Records drawn from a dataset
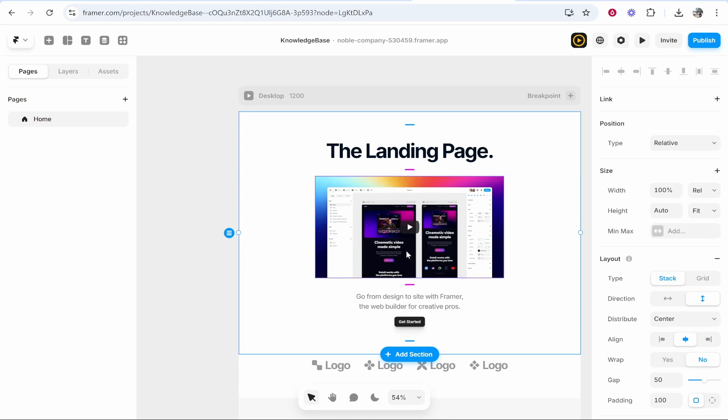In this video I'm going to show you how you can embed a YouTube video inside of your Framer website. So let's jump into it.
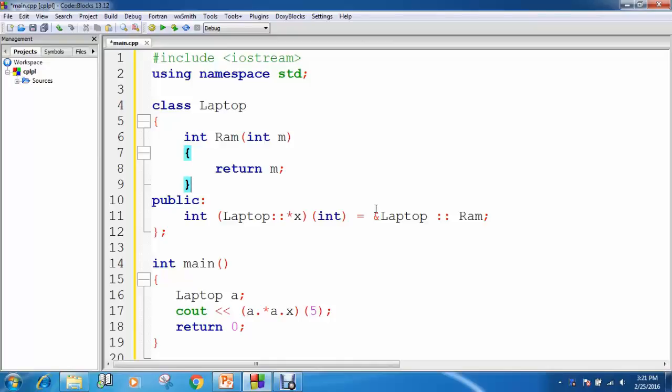Hi guys! Today I am going to show you how to disable code blocks tooltip.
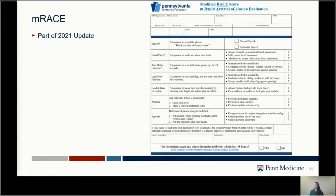Now I want to return to the MRAS score, commonly used in the field to evaluate people and determine if a large stroke is likely. Knowing what we know now, it's easy to identify which part of the brain is being assessed. Speech comes from the front of the brain. Facial droop — front of the brain. Arm and leg strength — front of the brain. Eye movements are one area that can pick up something from either the front or back of the brain. Gaze deviation — eyes fixed to one side — could be coming from either part.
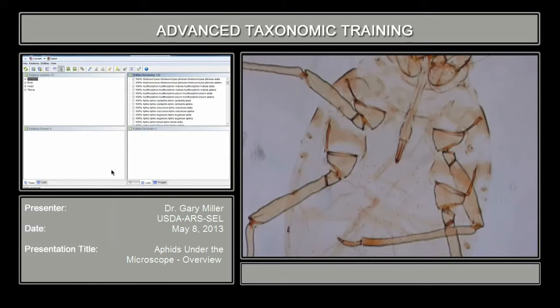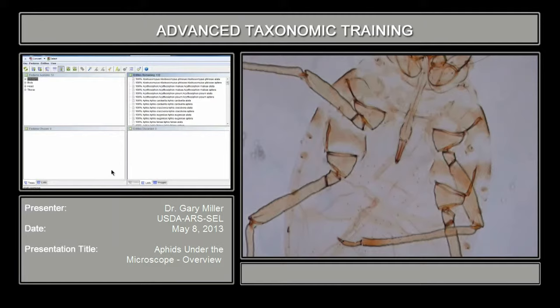Moving down further to the mouthparts, mouthparts structures are this area right in here — aptly named because of the Sternorrhyncha, as it's lower in the ventral area of the specimen. The URS, which is called the ultimate rostral segment, is another structure that's measured. It's the tip of the mouthparts, measured in its length, and often in a key you will have to count the number of chaetae (CD) that occur on that rostral segment.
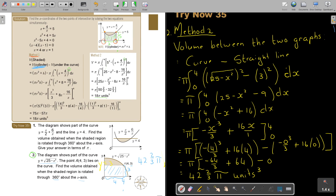It's exactly the same answer — 42 and two-thirds π cubic units. It doesn't matter which method you use. It's sometimes just good to practice more than one method, so that in a test or examination you can decide which one is best.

◆ YOUR INSTRUCTIONS: Transcribe exactly, and only, the lines from the line with "Hi guys! Today" through the last line of the records, inclusive; the pictures do not belong in the copy.

◆ OUTPUT FOR THIS TASK:
Hi guys! Today I am going to show you how to disable code blocks tooltip.
Now I want to return to the MRAS score, commonly used in the field to evaluate people and determine if a large stroke is likely. Knowing what we know now, it's easy to identify which part of the brain is being assessed. Speech comes from the front of the brain. Facial droop — front of the brain. Arm and leg strength — front of the brain. Eye movements are one area that can pick up something from either the front or back of the brain. Gaze deviation — eyes fixed to one side — could be coming from either part.
Moving down further to the mouthparts, mouthparts structures are this area right in here — aptly named because of the Sternorrhyncha, as it's lower in the ventral area of the specimen. The URS, which is called the ultimate rostral segment, is another structure that's measured. It's the tip of the mouthparts, measured in its length, and often in a key you will have to count the number of chaetae (CD) that occur on that rostral segment.
It's exactly the same answer — 42 and two-thirds π cubic units. It doesn't matter which method you use. It's sometimes just good to practice more than one method, so that in a test or examination you can decide which one is best.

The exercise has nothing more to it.